Document: In re Ness Technologies, Inc. S’holders Litig., C.A. No. 6569-VCN (Del. Ch. Aug. 3, 2011)

The Delaware Court of Chancery confirmed that a conflict transaction negotiated by a fully functioning special committee would not be second-guessed by the Court. This decision involved a putative class action lawsuit filed by stockholders of defendant Ness Technologies (“Ness”), who sought to enjoin a proposed transaction through which Ness’s largest stockholder, defendant Citi Venture Capital International (“CVCI”), would acquire Ness in a cash transaction at $7.75 per share. The Plaintiffs challenged the transaction on both price and process grounds and also alleged that the disclosures by Ness relating to the proposed transaction were inadequate.

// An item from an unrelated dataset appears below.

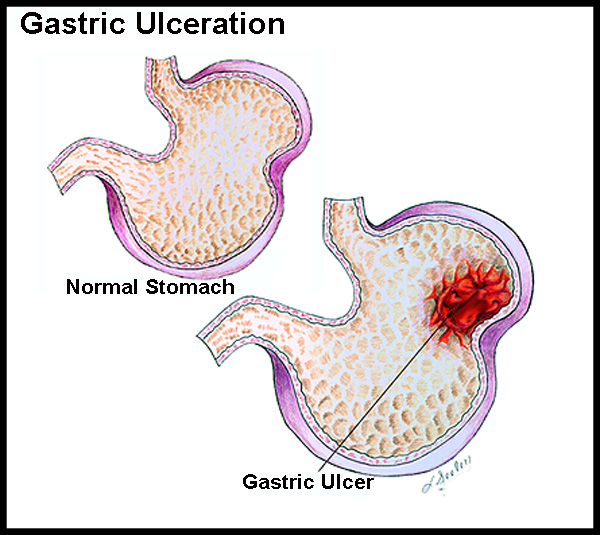 gastric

The Court found that the plaintiffs had not articulated sufficiently colorable price or process claims to justify expedition where: (1) the transaction had been approved by a disinterested special committee following an eleven-month sales’ process involving approximately thirty bidders; and (2) the parties merger agreement contained “relatively mundane” deal protection measures (standard “no-shop” and “no talk” provisions with fiduciary-outs and a termination fee amounting to 2.72 % of the transaction price). However, consistent with recent decisions emphasizing the importance of financial advisor independence, the Court granted the plaintiffs’ motion to expedite on the limited issue whether Ness’s financial advisor was conflicted due to past, present or future dealings with CVCI.